Restate all of the following data exactly, keeping any images out of the copy.

═══ Dataset extract

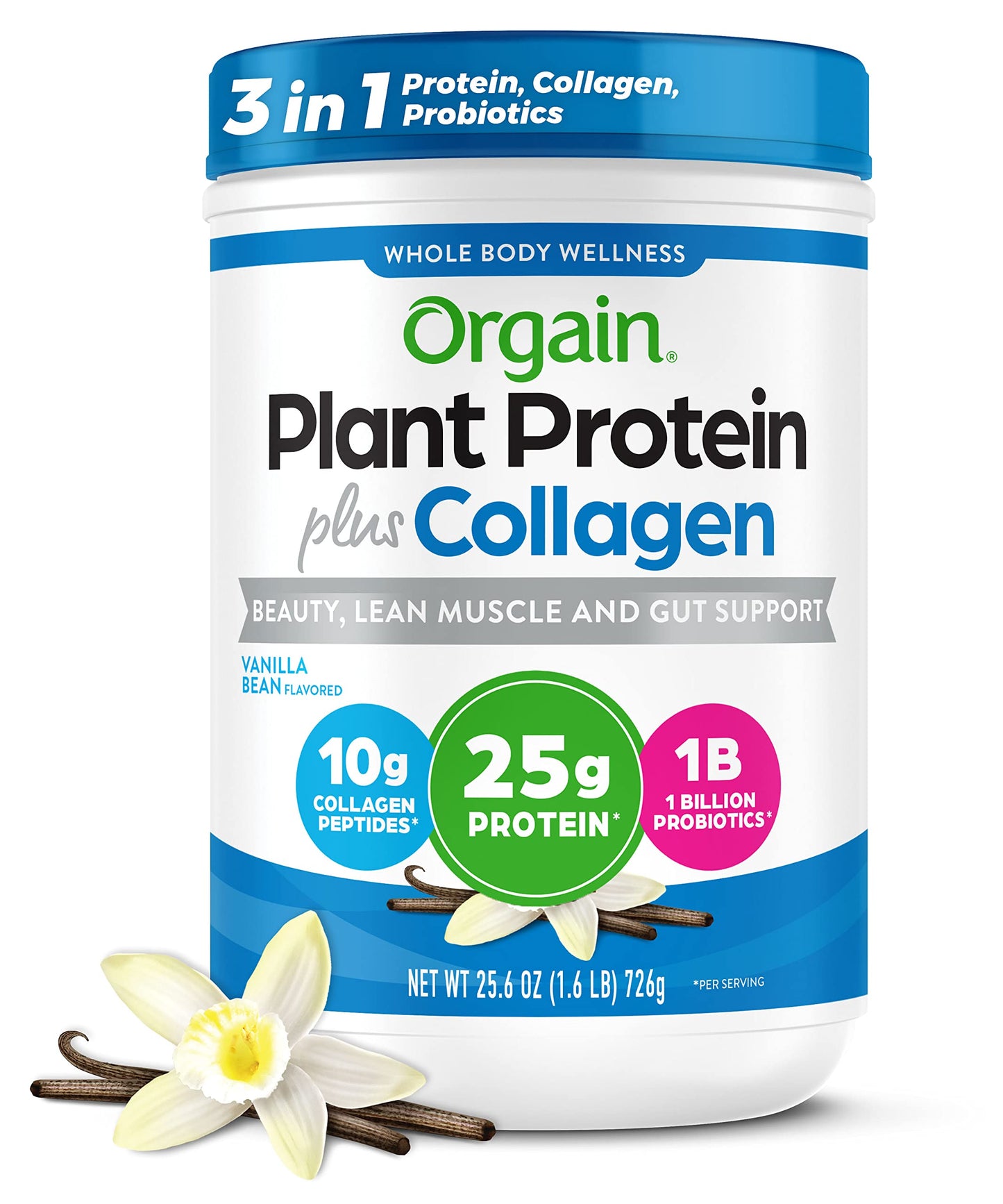 Orgain Protein Powder + Collagen, Vanilla Bean & Creamy Chocolate Fudge, Powder, 51.2 Servings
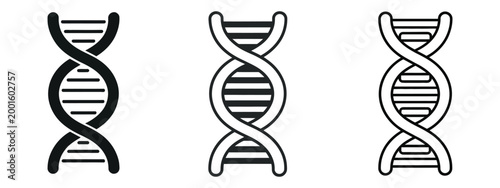 Genetic DNA Double Helix Structure Icon Set Vector, Molecular Biology and Genome Symbols Collection, Science and Medical Research Icons for Biotechnology, Laboratory, Education and Healthcare Design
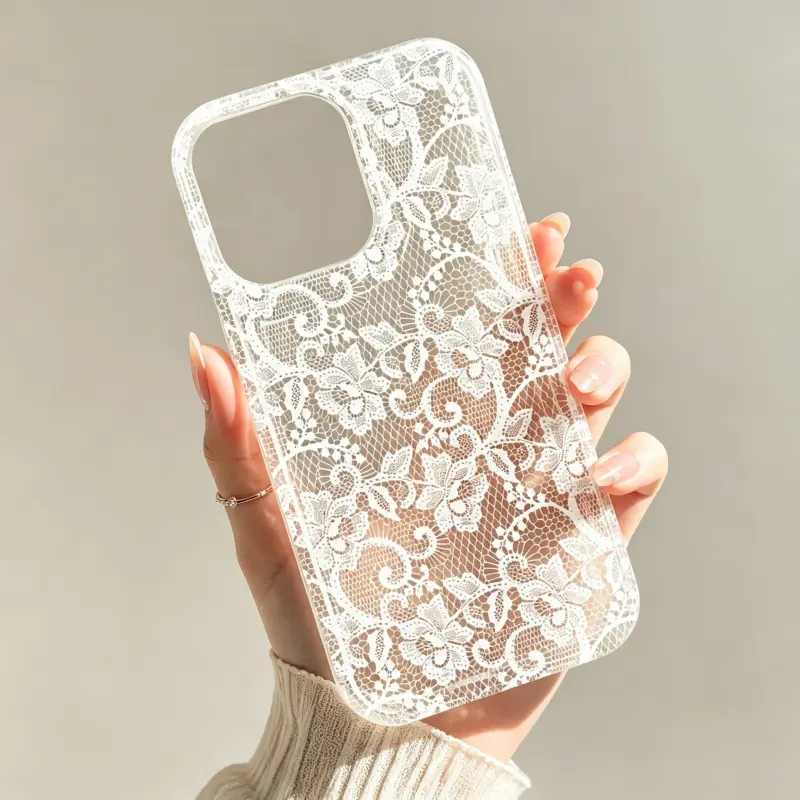Coquette White,pink,black Lace Clear Phone Case, Vintage Floral Transparent Cover Compatible iPhone 17 16 15 14 13 12 11 Pro Max Samsung S24 S23 S22 S21 Ultra A Series, Soft Girl Aesthetic Viral TikTok Accessory # u24 and,protective,luxury,crystal,texture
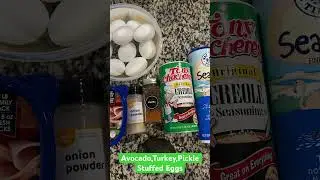 Avocado,Turkey,Pickle Stuffed Eggs #food #foodie #quickrecipes #goviral #health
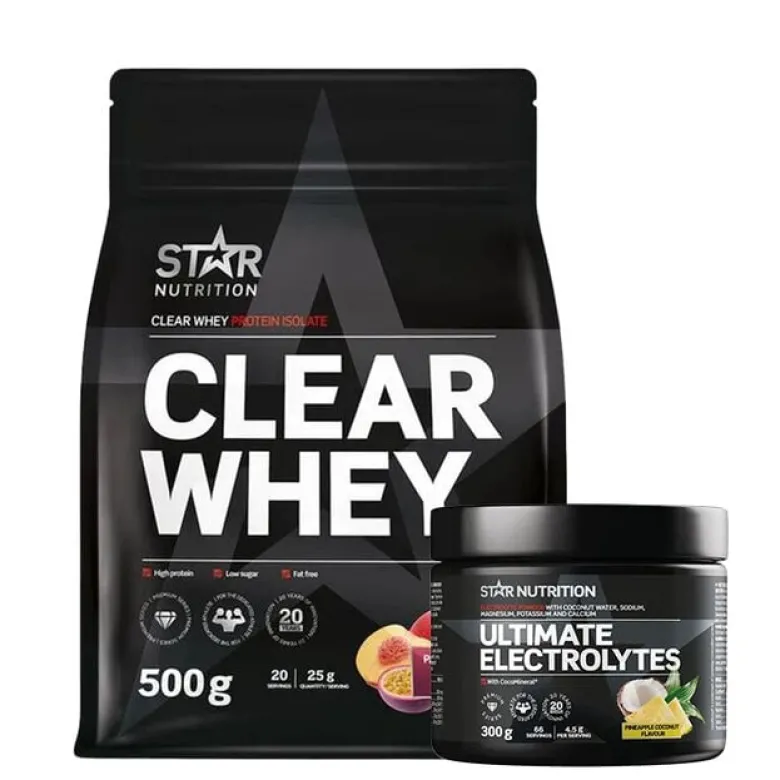 Clear Whey Vassleprotein 500 g + Ultimate Electrolytes 300 g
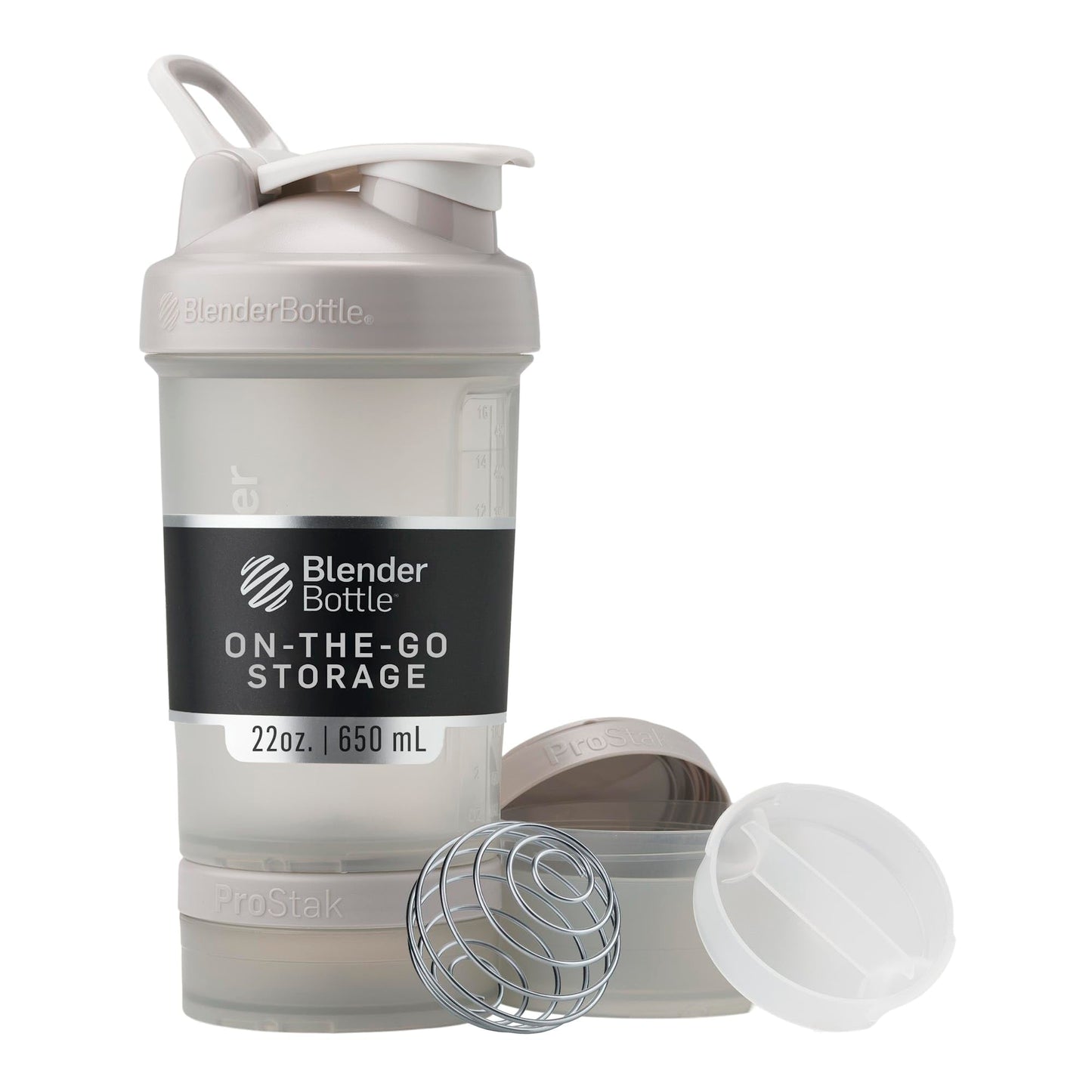BlenderBottle Shaker Bottle with Pill Organizer and Storage for Protein Powder, Classic V2 ProStak System, 22-Ounce, Smoke Grey BlenderBottle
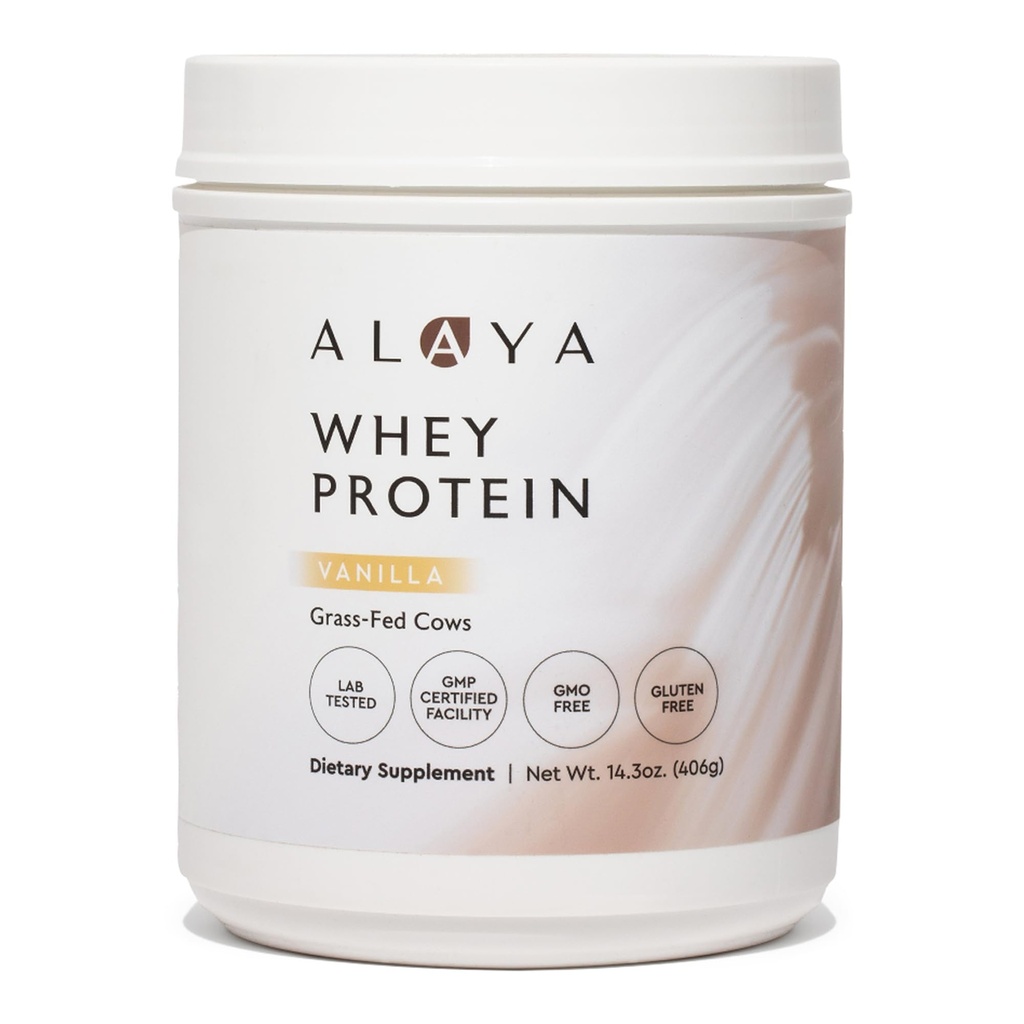 Alaya Naturals - Grass Fed Whey Protein Powder - Vanilla Flavor, Όλα φυσικά, ορμονών Δωρεάν - 20g πρωτεΐνη ανά υπηρεσία - μη-GMO, rBGH δωρεάν, χωρίς γλουτένη - Μεγάλη Πηγή BCAA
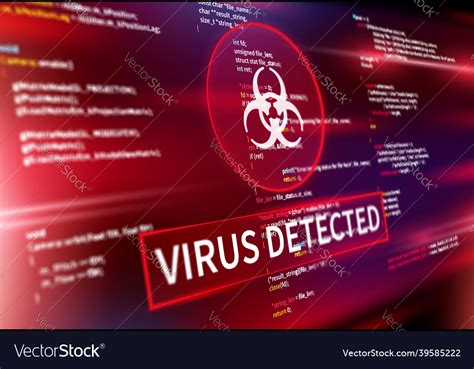 Virus Detected Warning Alert Screen Message Vector Image
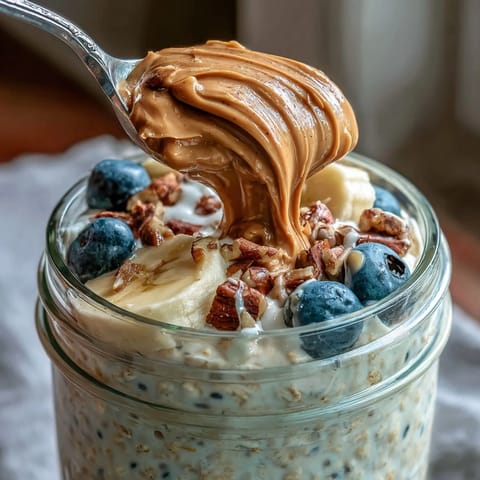 A close-up of High-Protein Peanut Butter Overnight Oats topped with chopped peanuts and blueberries for a nourishing breakfast.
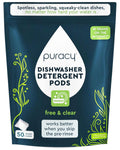 Puracy Dishwasher Pods, Natural Dishwasher Detergent, Free & Clear Dish tabs - Enzyme-Powered, Spot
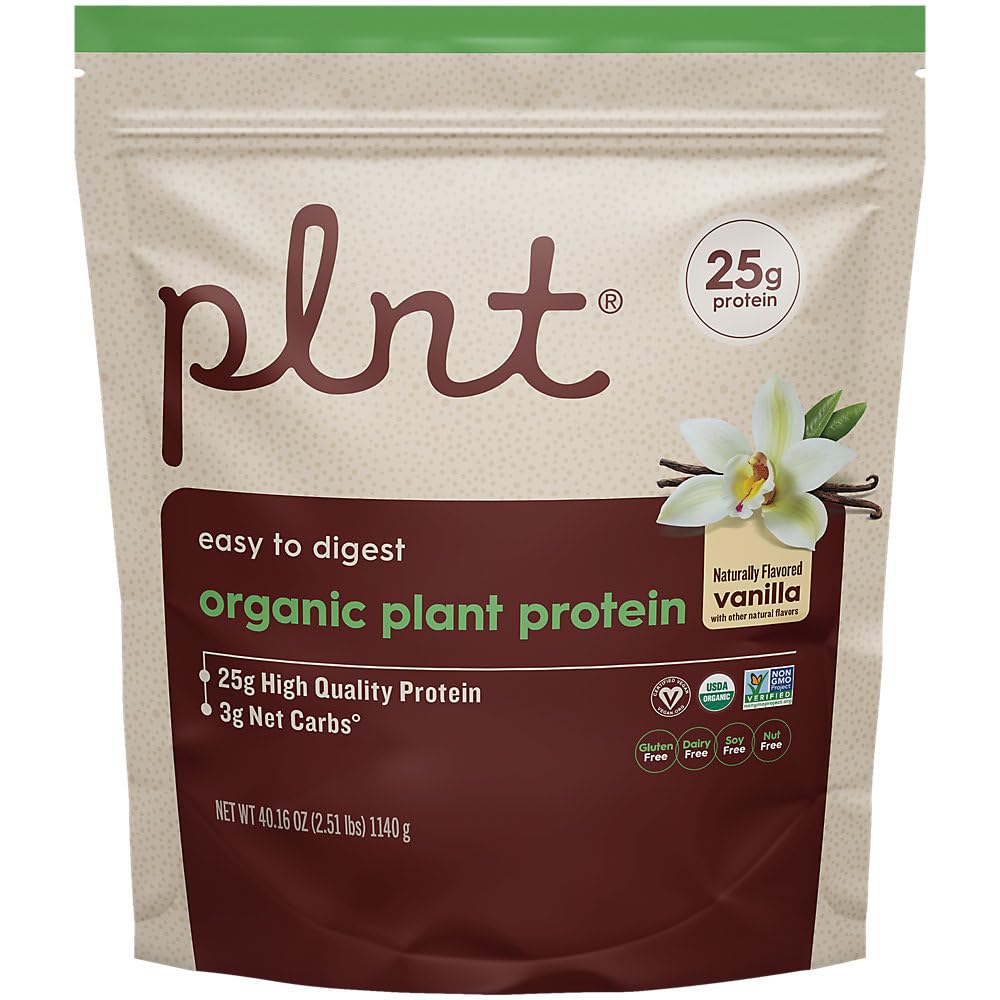 Organic Plant Protein Powder a Vanilla a 2.51 lbs./30 Servings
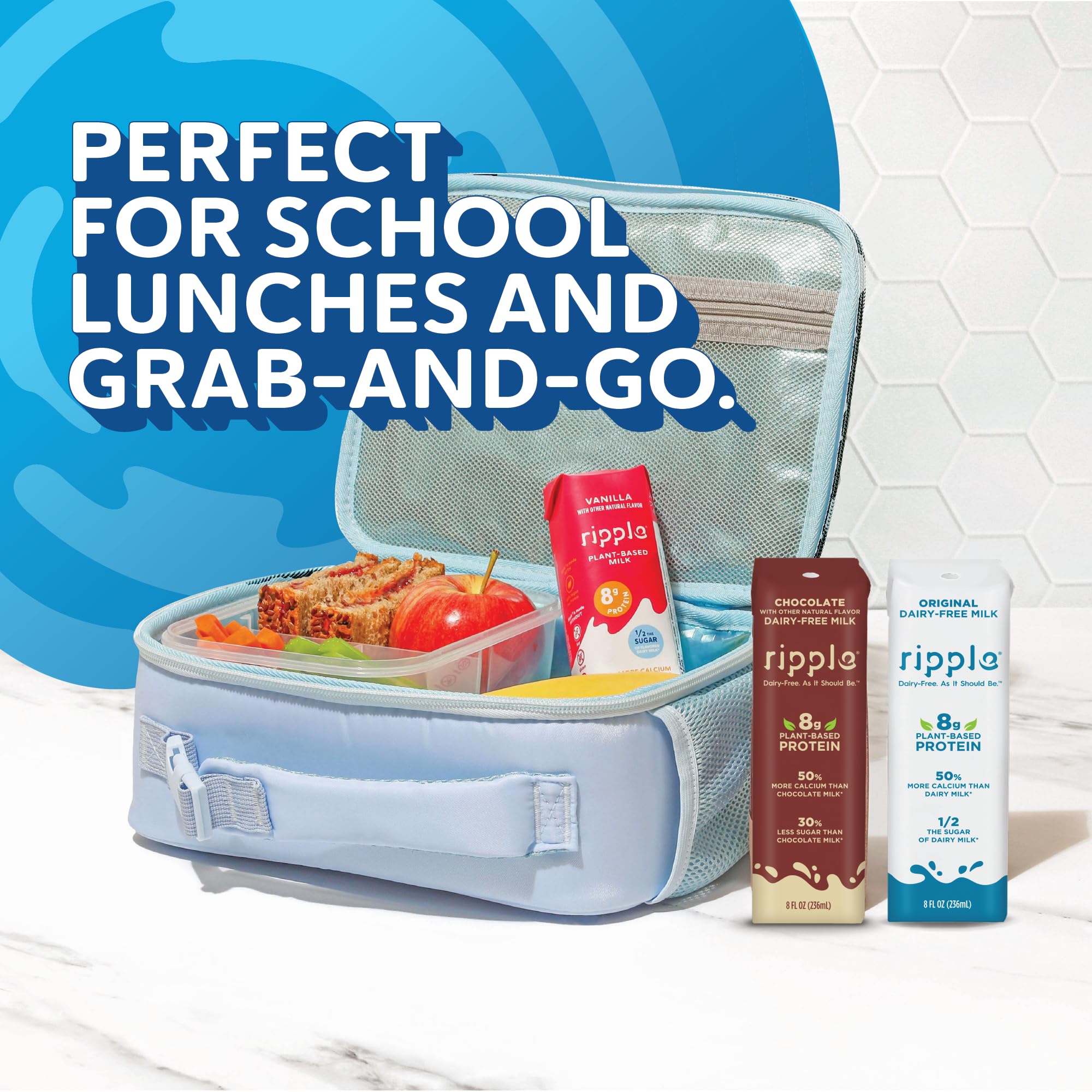 Ripple Non-Dairy Milk, Chocolate| Vegan Milk With 8g Pea Protein | Shelf Stable Single Serve Cartons | On-The-Go | Non-GMO, Plant Based, Gluten Free | 8 oz, 12 Pack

══════

◆ Finished task:
 Orgain Protein Powder + Collagen, Vanilla Bean & Creamy Chocolate Fudge, Powder, 51.2 Servings
 Genetic DNA Double Helix Structure Icon Set Vector, Molecular Biology and Genome Symbols Collection, Science and Medical Research Icons for Biotechnology, Laboratory, Education and Healthcare Design
Coquette White,pink,black Lace Clear Phone Case, Vintage Floral Transparent Cover Compatible iPhone 17 16 15 14 13 12 11 Pro Max Samsung S24 S23 S22 S21 Ultra A Series, Soft Girl Aesthetic Viral TikTok Accessory # u24 and,protective,luxury,crystal,texture
 Avocado,Turkey,Pickle Stuffed Eggs #food #foodie #quickrecipes #goviral #health
 Clear Whey Vassleprotein 500 g + Ultimate Electrolytes 300 g
BlenderBottle Shaker Bottle with Pill Organizer and Storage for Protein Powder, Classic V2 ProStak System, 22-Ounce, Smoke Grey BlenderBottle
 Alaya Naturals - Grass Fed Whey Protein Powder - Vanilla Flavor, Όλα φυσικά, ορμονών Δωρεάν - 20g πρωτεΐνη ανά υπηρεσία - μη-GMO, rBGH δωρεάν, χωρίς γλουτένη - Μεγάλη Πηγή BCAA
 Virus Detected Warning Alert Screen Message Vector Image
 A close-up of High-Protein Peanut Butter Overnight Oats topped with chopped peanuts and blueberries for a nourishing breakfast.
 Puracy Dishwasher Pods, Natural Dishwasher Detergent, Free & Clear Dish tabs - Enzyme-Powered, Spot
 Organic Plant Protein Powder a Vanilla a 2.51 lbs./30 Servings
 Ripple Non-Dairy Milk, Chocolate| Vegan Milk With 8g Pea Protein | Shelf Stable Single Serve Cartons | On-The-Go | Non-GMO, Plant Based, Gluten Free | 8 oz, 12 Pack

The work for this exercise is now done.